In the grand scheme, Xiaomi’s 2014 flagship the Mi 4 was something of an outlier. It saw the company shift its market aspirations from the low to mid end to the high end, seeking out customers who might otherwise be in the market for an iPhone or top tier Android phone. Though well received, the Mi 4 never really sold in the ludicrous numbers that previous Xiaomi phones had, primarily because it bypassed their most fevered fans. So, if the Mi 4 was a missed date, the Mi 4i is the apology flowers.

Coming in at Rs. 12,999 (around £130 to you and I), the Mi 4i actually shares little in common specifications with its bigger sibling, but what it does offer is more than enough for the budget buyer. Android 5.0, a 5″ 1080p IPS display, a Snapdragon 615 processor, 2GB of RAM, 16GB of storage, an Adreno 405 GPU, a 13MP rear camera with a 5MP front unit and all the connectivity options you can handle. Oh, and it also comes in a range of bright, friendly colours.

The only question now is, what did the critics think? Read on to find out.

NDTV:

With the Mi 4i, Xiaomi has another clear winner on its hands. The phone costs less than half as much as some of its Snapdragon 615-powered brethren and still outperforms them in all departments. The Moto G (Gen. 2) has been our favourite pick at this price point, but the Mi 4i scores with a stunning screen and great build quality.

Having said that, MIUI is not without its quirks and the camera performance could’ve been better, so if you prefer the stock Android experience, expandable storage, and a camera that’s a little bit more forgiving, the Moto G (Gen. 2) is still a solid pick. Everyone else, go ahead register yourself for the next flash sale of the Xiaomi Mi 4i.

CNET:

Xiaomi says the Mi 4i was designed as a flagship phone for “emerging markets.” And while its specs can’t compare to those of high-end phones like the Samsung Galaxy S6 or the LG G4, its performance is good enough for most everyday tasks and it is available at an impressively low price.

Compared with say, the slightly more expensive $250 Alcatel OneTouch Idol 3, the $205 Mi 4i is a bargain, but you’ll need to be able to get one first, especially if you don’t live in the markets where the phone is sold. It has mostly the same specs, but the Idol 3 does have expandable storage (though you’ll pay more for it).

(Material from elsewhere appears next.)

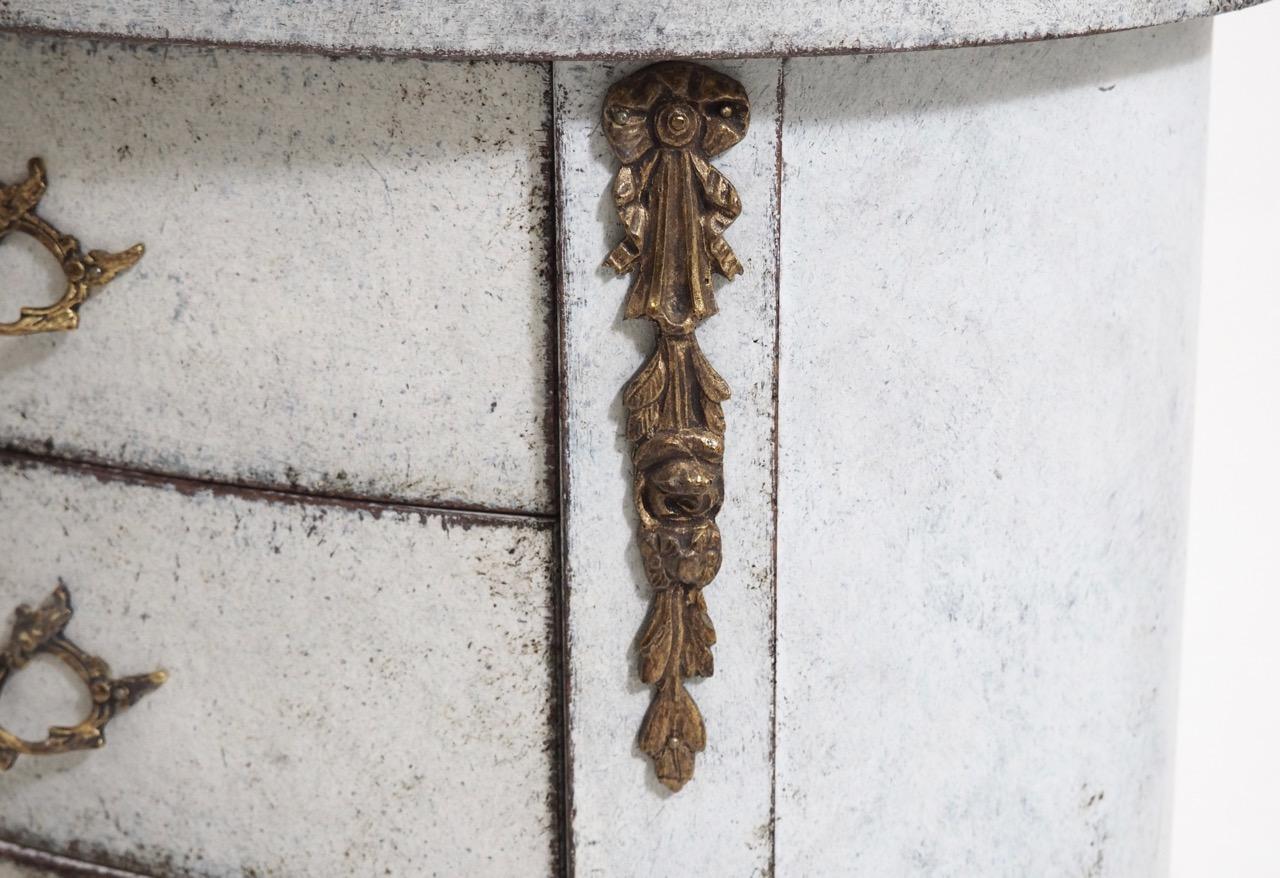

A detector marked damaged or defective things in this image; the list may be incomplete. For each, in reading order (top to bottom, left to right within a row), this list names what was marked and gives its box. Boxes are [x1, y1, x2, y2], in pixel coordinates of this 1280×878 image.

Against the $180 Samsung Galaxy Prime, well, the Mi 4i handily beats it, with better all-around specifications, camera and a higher-resolution display for only $25 more. The 4i is also better designed — both phones have a 5-inch display, but the Mi 4i is thinner and lighter with a bigger (though non-removable) battery.

Tech2:

With the Mi 4i, Xiaomi is offering you a phone that has premium specs, a great display, good camera, good battery life at an affordable price point. There has been no compromise on the design aspect as well and although it is a 5-inch device, you can easily use it single-handedly for most use cases. The camera is one of the best in this price segment.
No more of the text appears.